Most of us are fortunate enough not to have experienced an exile. Somehow, Maazan Maarouf has snagged two. His double exile begins as a Palestinian refugee in Lebanon, where his family fled the siege of Tel al-Zaatar to Beirut, and continued as a political refugee in Iceland. In an Al-Jazeera Poets of Protest documentary from 2012, Maarouf is filmed walking in Reykjavík. Wrapped in winter clothes that shield from the Icelandic cold, his long, curly hair bounces distractingly in the wind. He admires the snow, eagerly imparts his observations, but seems preoccupied, a vigilant traveller shooting weary glances. He says, ‘Beirut resonated between a city that was mine and a city that was rejecting me.’ 

Maarouf, who initially gained recognition for his criticism in Arabic magazines and newspapers, has had some strange misfortunes. In 2013, a thief in Stockholm stole his backpack which contained a notebook with 27 finished poems. He turned to prose as a kind of recovery. His luck improved, and Jokes for the Gunmen, his first short story collection, won the Al-Multaqa prize in 2016, and then, in 2019, Jonathan Wright’s translation of the book was longlisted for the Man Booker International. 

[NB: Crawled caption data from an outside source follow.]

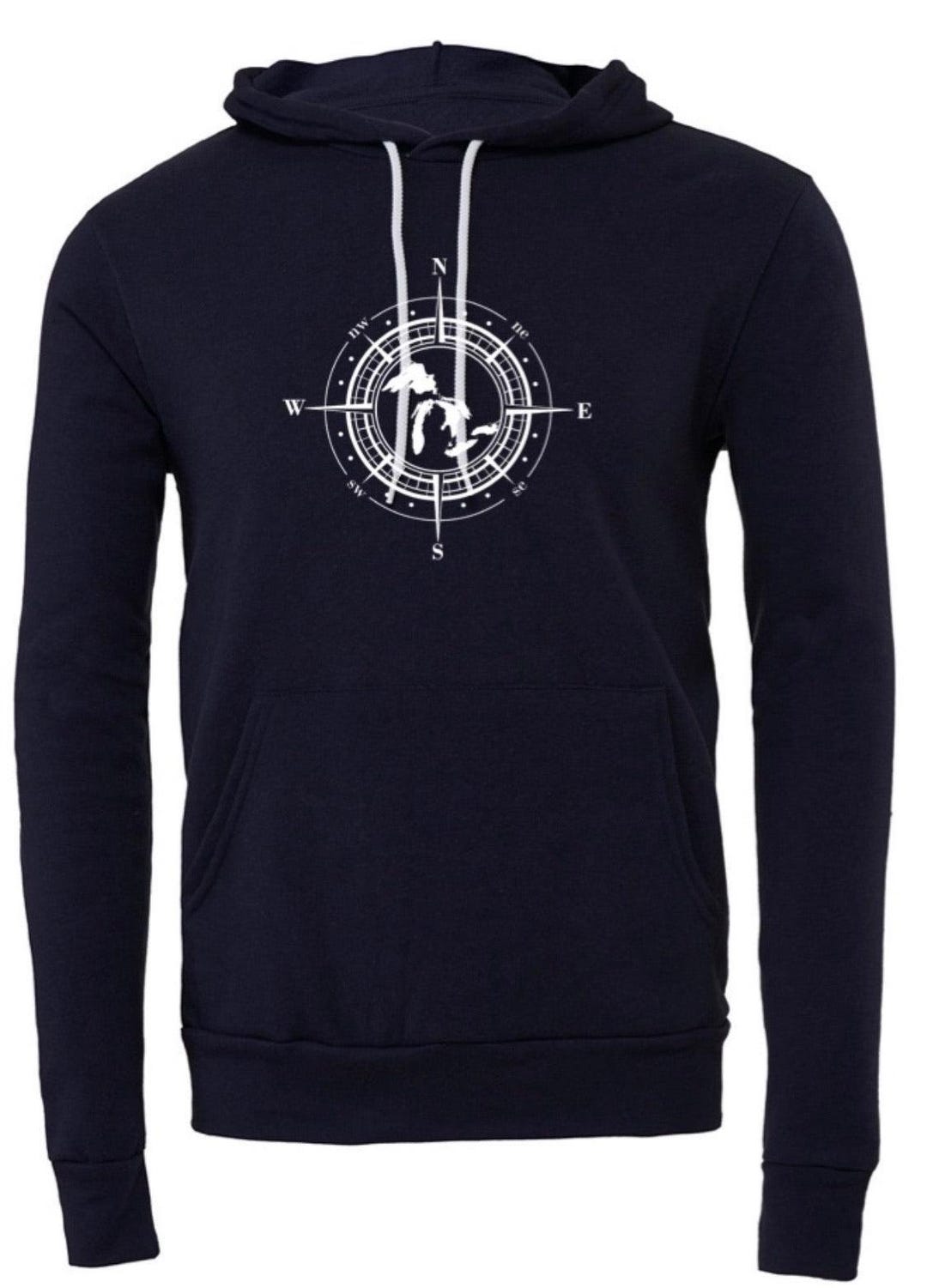 Hoodie with logo compass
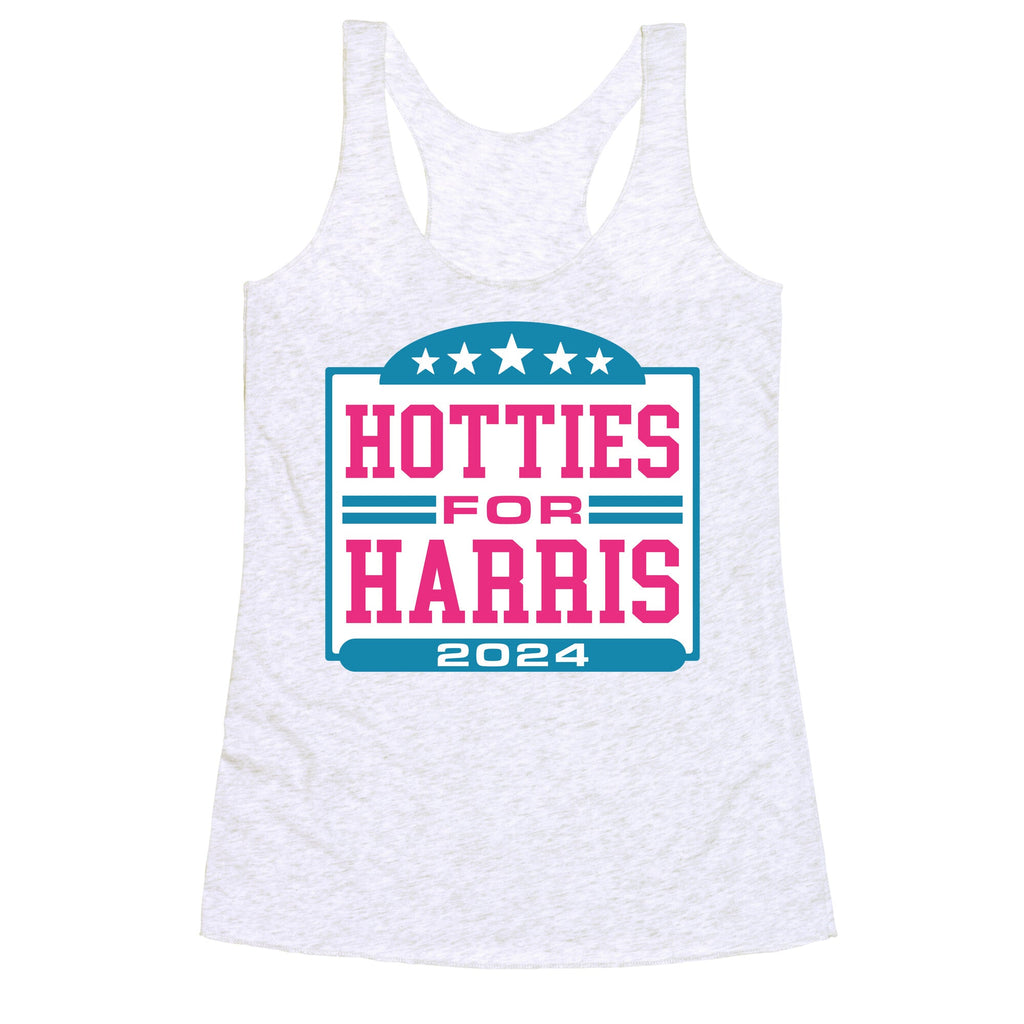 Hotties for Harris Racerback Tank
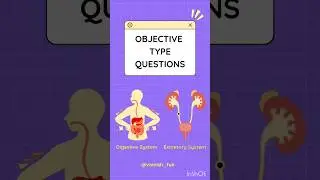 Chapter 3 Digestive System and Excretory System Objective Type Questions #mcqs #science #facts #quiz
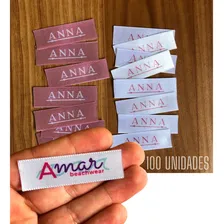 Etiquetas Personalizadas Tecido 1,5x6cm Kit 100un Artesanato Foto mini 1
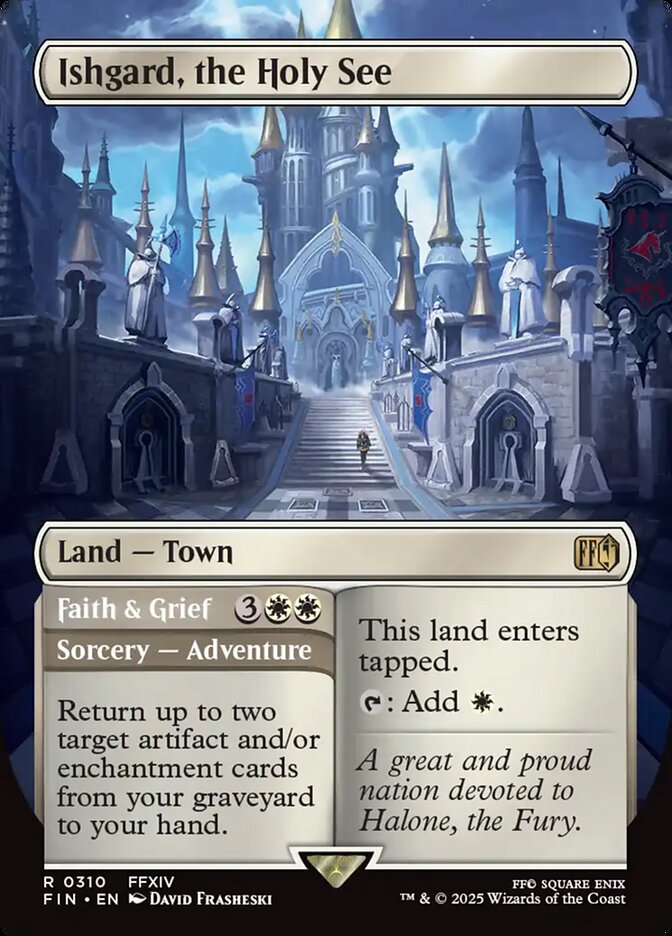 Ishgard, the Holy See card front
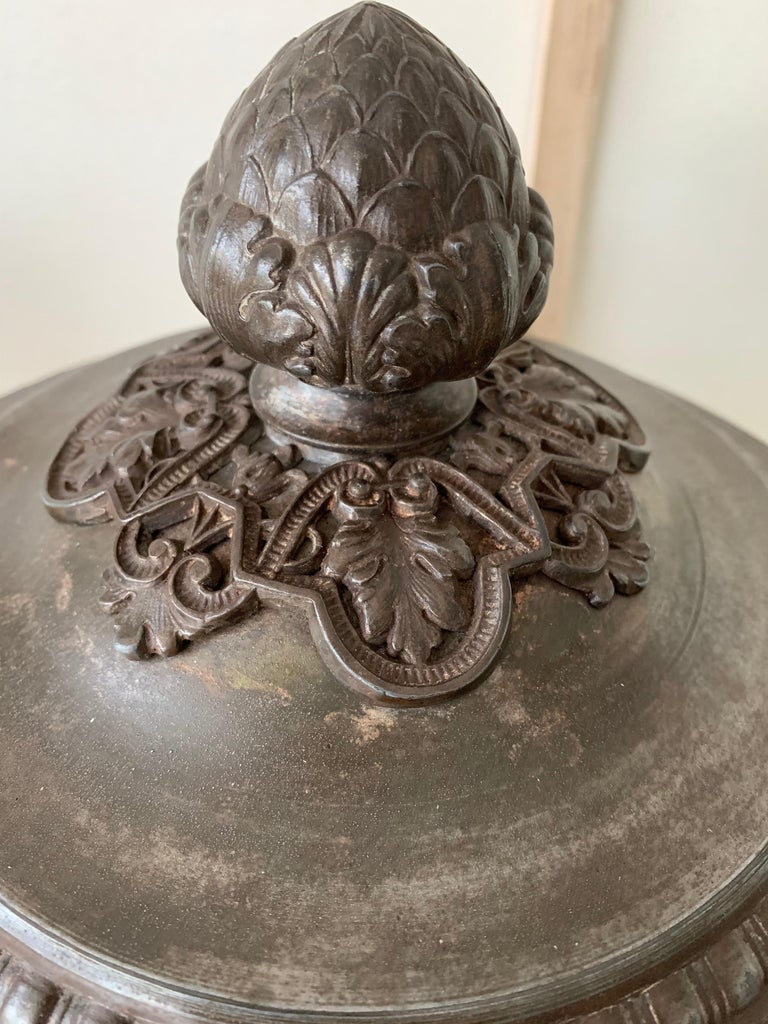 Rare Antique and Sculptural Copper and Metal Coal Kettle / Fire Extinguisher at 1stDibs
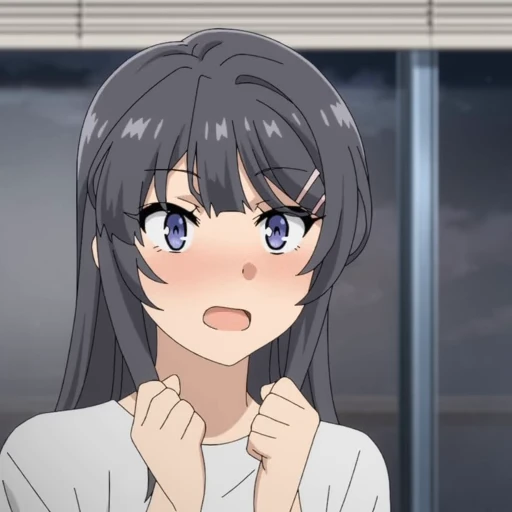 😊 Стикер «Mai Sakurajima» для Telegram
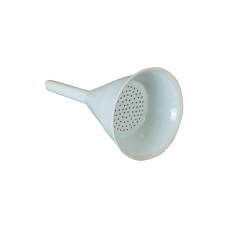 Embudo Büchner tipo Hirsch porcelana esmaltada placa fija perforada autoclavable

Maarouf describes his art as a ‘mission of how to reconstruct the dirt, this is poetry, maybe to make a rose out of dust.’ This idealism, seeking to transmogrify the mundane, would otherwise feel dated and naive; post-war humanism that tastes of didacticism and moral authority, yearning for an era before truth became passé. But in Jokes for the Gunmen this moral imperative chills when it appears in a child’s voice. Suddenly the search for stability and honesty is sombre. Think of Greta Thunberg and child warriors. Conviction in unexpected bodies. It’s a refreshing rejection of chic-nihilism. This collection of twelve stories isn’t a study of war or a simulation in absurdity. It’s an odd, boyishly wrangled fantasy that grieves lost childhood. Call it a comic plea that cautions against miscommunication and the violence men inflict on each other. Yes, war is present and pervasive, but only as a soundscape or as a circumstance. Maarouf describes war as a ‘scenography’ or as a ‘pinned background’. And this is where the stories excel, rather than fetishising settings, Maarouf downplays them. Instead of focusing on the gratuitousness of violence, its arbitrariness and alleged absurdity, Maarouf pushes details; a father drooling at the edge of a bathtub, the turning handle of a gramophone, a secondhand matador’s suit.